__Task goal__
Please repeat exactly the lines below from the line with "Postel nebo postele" to the line with "iS CLINICAL front", including both, and leave out every picture.

__Material provided__
---------------

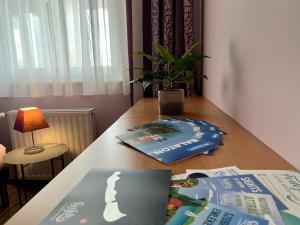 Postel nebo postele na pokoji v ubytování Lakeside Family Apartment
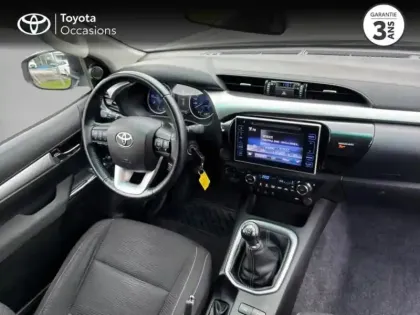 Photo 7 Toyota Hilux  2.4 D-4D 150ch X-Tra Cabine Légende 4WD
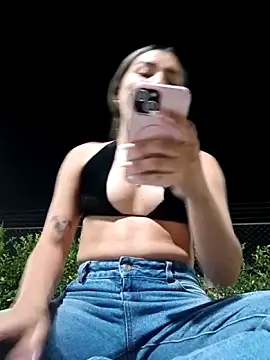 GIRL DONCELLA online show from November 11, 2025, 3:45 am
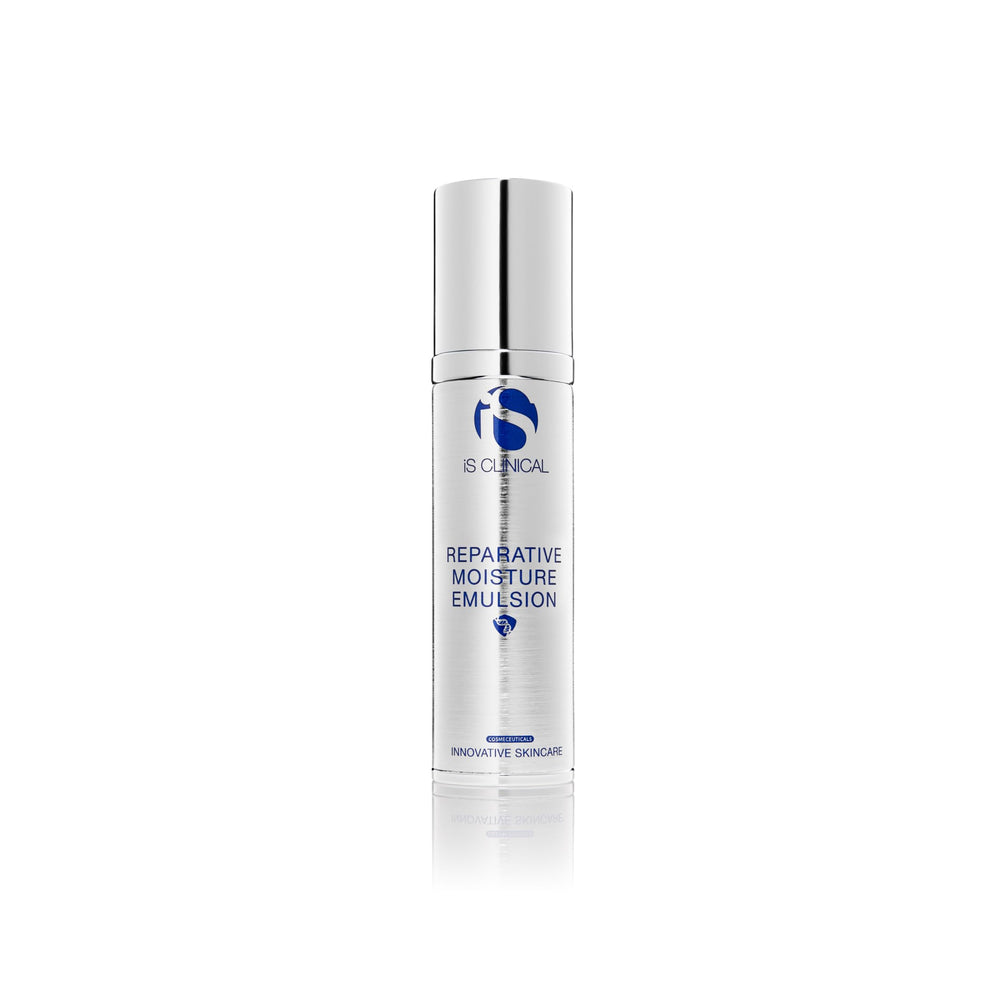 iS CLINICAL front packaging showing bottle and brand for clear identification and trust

---------------

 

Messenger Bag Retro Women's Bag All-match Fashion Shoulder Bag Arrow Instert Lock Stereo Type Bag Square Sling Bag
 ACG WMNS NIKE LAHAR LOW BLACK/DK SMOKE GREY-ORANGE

---------------

__Expected answer__
 Postel nebo postele na pokoji v ubytování Lakeside Family Apartment
 Photo 7 Toyota Hilux  2.4 D-4D 150ch X-Tra Cabine Légende 4WD
 GIRL DONCELLA online show from November 11, 2025, 3:45 am
 iS CLINICAL front packaging showing bottle and brand for clear identification and trust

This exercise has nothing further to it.